Finally, the body was found on the 20th of this month. It was in a well on the property of a derelict home, some seven kilometers northeast of the city center. Around ten, after three hours of searching, a squadron of Volunteer Firemen discovered the body in an advanced state of decomposition at the bottom of the well, currently dry. As was published in La Capital in their edition of the 21st, the body was covered with rubble, corrugated metal sheets and branches, so the police ruled out a suicide or an accident.
The investigators arrived on the scene after a call from a hunter, who reported the day before that he had detected a strong odor in the area around the well. When they removed the cadaver—work that had to be done with pulleys and a tripod—they verified that it was wearing a shirt from the club. Other characteristics of the body, such as the large scar on the torso, led them to presume that it was the missing man. Nevertheless, this was confirmed a day later, when the body was subjected to an autopsy. […] determined that the man had been in the early stages of asphyxia and had suffered hard blows to the head, but that he died inside the well.
Burdisso was buried last Sunday.
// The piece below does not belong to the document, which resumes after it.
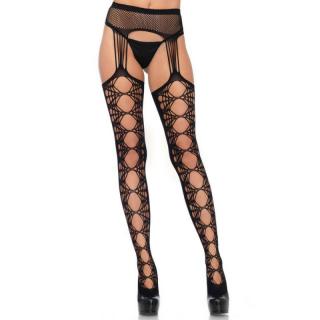 Leg Avenue Net Opaque Stockings - szexi harisnya (fekete)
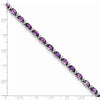 Sterling Silver Rhodium-plated Gemstone & White Topaz Bracelets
His remains were accompanied by a procession of some 20 blocks and passed the headquarters of the club where he worked. It was in the late afternoon. Prior to that, there was a prayer for the dead in the parish of Saint Lawrence the Martyr.
The imminent arrest of a series of suspects was immediately made known. On Wednesday eight arrests had already been made. But in the end four individuals were charged, who remain in custody. […] Those who knew him maintain that Burdisso was in general a withdrawn and gullible man who believed each one of the cunning arguments with which Córdoba deceived him. So much so that one of the accused, Marcos Brochero, a native of Cañada Rosquín, was Córdoba’s husband but Burdisso thought he was her brother.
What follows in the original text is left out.